Generated beats hand-written wherever it's possible, because a hand-written copy is a second place for the fact to live — i.e., a future stale doc.
2. Executable / tested docs¶
If a doc can't be generated, make its examples run. A "getting started" snippet, a usage example, a tutorial — turn them into tests (doctests, runnable code blocks executed in CI, tested onboarding scripts or containers). When the code changes and the example breaks, the build goes red. A doc that runs can't silently rot.
3. Docs next to code (docs as code)¶
Put the doc in the same repository as the code it describes, so a behavior change and its doc change land in the same pull request, reviewed together.
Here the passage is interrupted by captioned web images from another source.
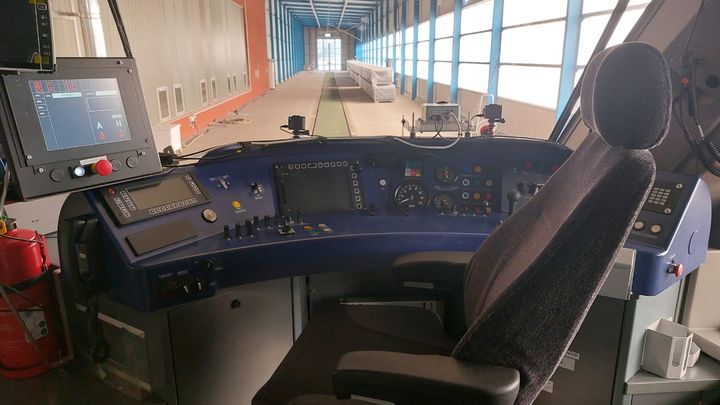 A bord du train, pas de conducteur en cabine. Le train est piloté à distance par une tablette. (RAPHAEL EBENSTEIN - FRANCEINFO - RADIOFRANCE)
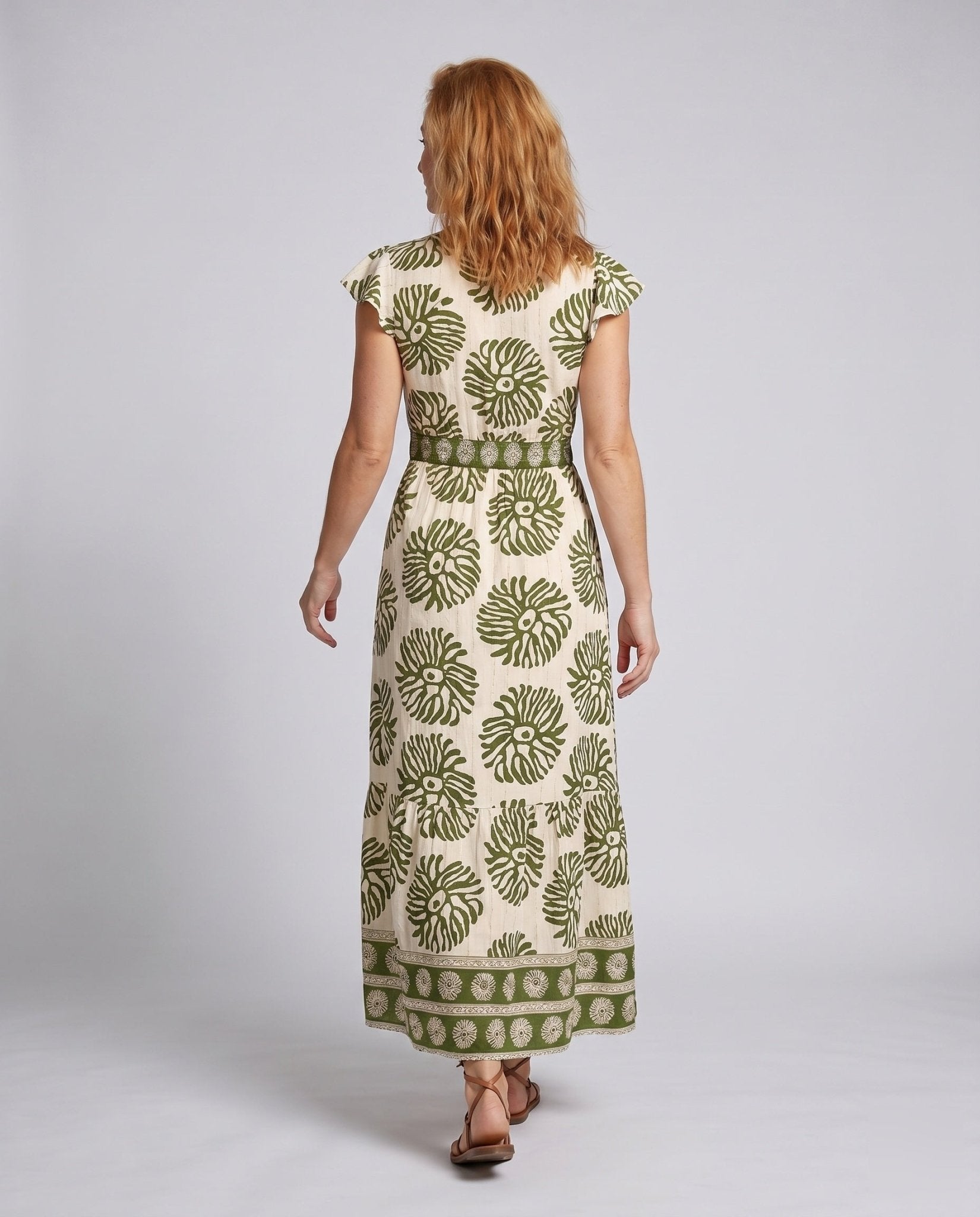 Women's maxi dress with floral pattern and detachable skirt - Chichicherry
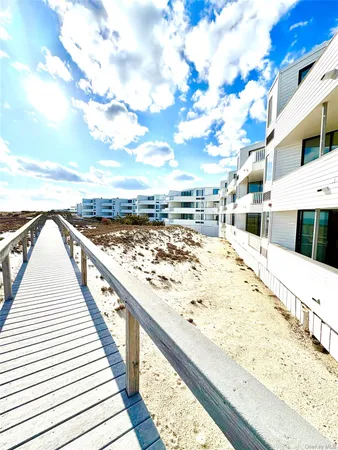 $25,000 | 253 Dune Road, Unit 49, Westhampton Beach, NY 11978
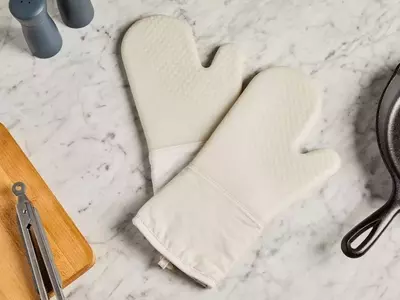 The Ultimate Mother's Day Gift: OXO Silicone Oven Mitts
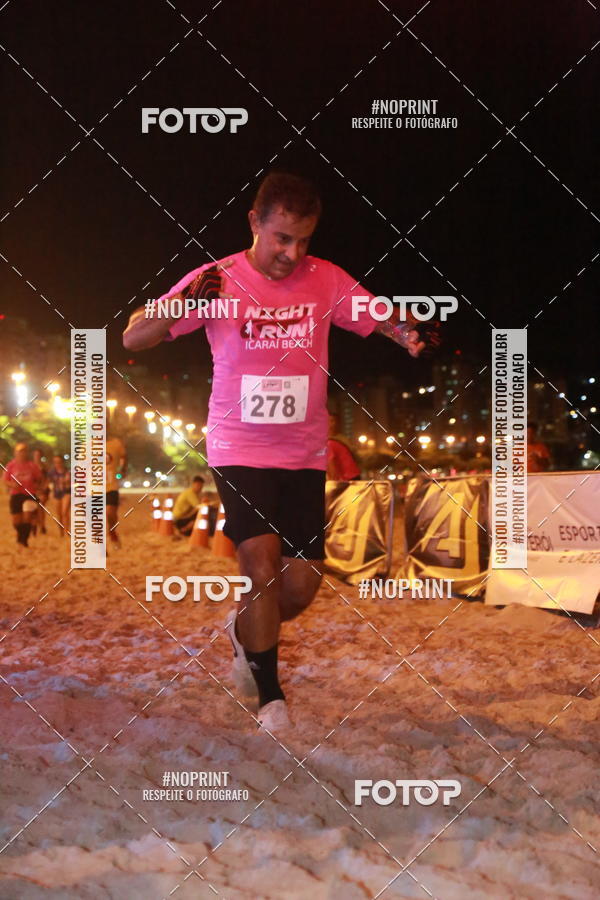 Buy your photos of the eventNIGHT RUN ICARA� BEACH - 6� EDI��O - NITER�I RJ on Fotop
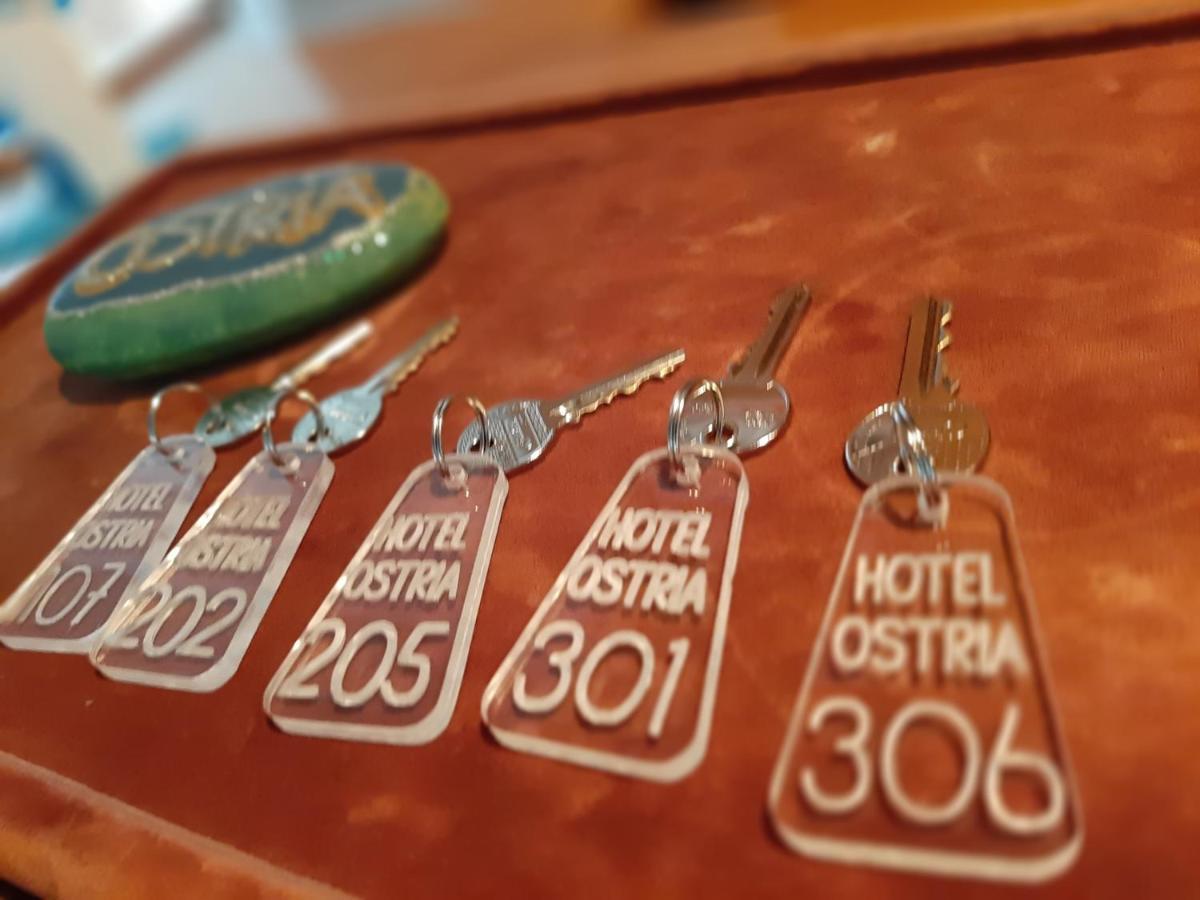 Ostria Hotell Agia Galini Exteriör bild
Add automated link-checking and linting in CI. (This is the whole subject of docs as code & tooling.)
4. Ownership & process¶
Make updating the doc someone's job and part of "done": CODEOWNERS for docs, "update the docs" as a checklist item on every PR, doc review as part of code review, and "docs updated" in the Definition of Done.
5. Freshness signals & feedback¶
When you can't prevent rot, make it visible: a last_reviewed date in each doc, a bot that flags docs not reviewed in N months, and a "Was this helpful? / Report an error" widget so readers can tell you when a doc is wrong.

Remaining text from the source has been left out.